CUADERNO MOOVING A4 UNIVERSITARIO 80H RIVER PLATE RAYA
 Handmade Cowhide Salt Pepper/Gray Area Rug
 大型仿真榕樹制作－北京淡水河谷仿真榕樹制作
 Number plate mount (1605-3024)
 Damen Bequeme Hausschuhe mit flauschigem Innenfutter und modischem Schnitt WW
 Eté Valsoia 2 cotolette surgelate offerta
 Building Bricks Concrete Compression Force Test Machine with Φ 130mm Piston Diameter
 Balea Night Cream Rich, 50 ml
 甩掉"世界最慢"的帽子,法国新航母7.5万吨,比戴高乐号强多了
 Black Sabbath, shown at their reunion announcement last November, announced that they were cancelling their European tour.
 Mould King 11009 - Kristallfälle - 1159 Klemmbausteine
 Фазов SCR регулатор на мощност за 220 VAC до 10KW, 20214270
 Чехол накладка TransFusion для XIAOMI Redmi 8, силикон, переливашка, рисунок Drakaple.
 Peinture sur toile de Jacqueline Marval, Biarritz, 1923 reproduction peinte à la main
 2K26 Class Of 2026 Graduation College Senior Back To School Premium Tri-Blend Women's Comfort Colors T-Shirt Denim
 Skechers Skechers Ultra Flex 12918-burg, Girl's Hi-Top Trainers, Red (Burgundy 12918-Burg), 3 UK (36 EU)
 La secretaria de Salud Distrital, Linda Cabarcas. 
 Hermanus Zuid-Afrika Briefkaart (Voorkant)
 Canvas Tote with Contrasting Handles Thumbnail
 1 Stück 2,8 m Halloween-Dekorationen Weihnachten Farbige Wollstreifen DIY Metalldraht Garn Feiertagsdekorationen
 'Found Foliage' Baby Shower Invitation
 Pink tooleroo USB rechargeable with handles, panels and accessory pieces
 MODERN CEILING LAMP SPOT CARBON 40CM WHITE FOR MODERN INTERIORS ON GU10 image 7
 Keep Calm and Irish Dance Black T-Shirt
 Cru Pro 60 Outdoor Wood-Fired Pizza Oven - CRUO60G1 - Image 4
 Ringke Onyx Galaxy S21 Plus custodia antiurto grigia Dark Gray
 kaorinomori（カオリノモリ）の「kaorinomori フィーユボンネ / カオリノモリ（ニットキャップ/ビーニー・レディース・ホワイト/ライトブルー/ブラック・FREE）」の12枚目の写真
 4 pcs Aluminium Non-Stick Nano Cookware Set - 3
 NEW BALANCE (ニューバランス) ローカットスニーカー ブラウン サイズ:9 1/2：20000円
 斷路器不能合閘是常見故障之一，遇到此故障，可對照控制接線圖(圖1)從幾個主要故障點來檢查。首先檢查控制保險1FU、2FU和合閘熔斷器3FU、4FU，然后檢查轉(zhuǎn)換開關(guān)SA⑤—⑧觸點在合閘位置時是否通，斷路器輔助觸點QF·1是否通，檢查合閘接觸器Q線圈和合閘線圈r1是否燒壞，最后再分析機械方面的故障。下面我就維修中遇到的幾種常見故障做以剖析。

_ _ _ _ _ _ _

Directions for this task:
Your job is to set down the whole listing a second time, exactly.

Solution to this problem:
CUADERNO MOOVING A4 UNIVERSITARIO 80H RIVER PLATE RAYA
 Handmade Cowhide Salt Pepper/Gray Area Rug
 大型仿真榕樹制作－北京淡水河谷仿真榕樹制作
 Number plate mount (1605-3024)
 Damen Bequeme Hausschuhe mit flauschigem Innenfutter und modischem Schnitt WW
 Eté Valsoia 2 cotolette surgelate offerta
 Building Bricks Concrete Compression Force Test Machine with Φ 130mm Piston Diameter
 Balea Night Cream Rich, 50 ml
 甩掉"世界最慢"的帽子,法国新航母7.5万吨,比戴高乐号强多了
 Black Sabbath, shown at their reunion announcement last November, announced that they were cancelling their European tour.
 Mould King 11009 - Kristallfälle - 1159 Klemmbausteine
 Фазов SCR регулатор на мощност за 220 VAC до 10KW, 20214270
 Чехол накладка TransFusion для XIAOMI Redmi 8, силикон, переливашка, рисунок Drakaple.
 Peinture sur toile de Jacqueline Marval, Biarritz, 1923 reproduction peinte à la main
 2K26 Class Of 2026 Graduation College Senior Back To School Premium Tri-Blend Women's Comfort Colors T-Shirt Denim
 Skechers Skechers Ultra Flex 12918-burg, Girl's Hi-Top Trainers, Red (Burgundy 12918-Burg), 3 UK (36 EU)
 La secretaria de Salud Distrital, Linda Cabarcas. 
 Hermanus Zuid-Afrika Briefkaart (Voorkant)
 Canvas Tote with Contrasting Handles Thumbnail
 1 Stück 2,8 m Halloween-Dekorationen Weihnachten Farbige Wollstreifen DIY Metalldraht Garn Feiertagsdekorationen
 'Found Foliage' Baby Shower Invitation
 Pink tooleroo USB rechargeable with handles, panels and accessory pieces
 MODERN CEILING LAMP SPOT CARBON 40CM WHITE FOR MODERN INTERIORS ON GU10 image 7
 Keep Calm and Irish Dance Black T-Shirt
 Cru Pro 60 Outdoor Wood-Fired Pizza Oven - CRUO60G1 - Image 4
 Ringke Onyx Galaxy S21 Plus custodia antiurto grigia Dark Gray
 kaorinomori（カオリノモリ）の「kaorinomori フィーユボンネ / カオリノモリ（ニットキャップ/ビーニー・レディース・ホワイト/ライトブルー/ブラック・FREE）」の12枚目の写真
 4 pcs Aluminium Non-Stick Nano Cookware Set - 3
 NEW BALANCE (ニューバランス) ローカットスニーカー ブラウン サイズ:9 1/2：20000円
 斷路器不能合閘是常見故障之一，遇到此故障，可對照控制接線圖(圖1)從幾個主要故障點來檢查。首先檢查控制保險1FU、2FU和合閘熔斷器3FU、4FU，然后檢查轉(zhuǎn)換開關(guān)SA⑤—⑧觸點在合閘位置時是否通，斷路器輔助觸點QF·1是否通，檢查合閘接觸器Q線圈和合閘線圈r1是否燒壞，最后再分析機械方面的故障。下面我就維修中遇到的幾種常見故障做以剖析。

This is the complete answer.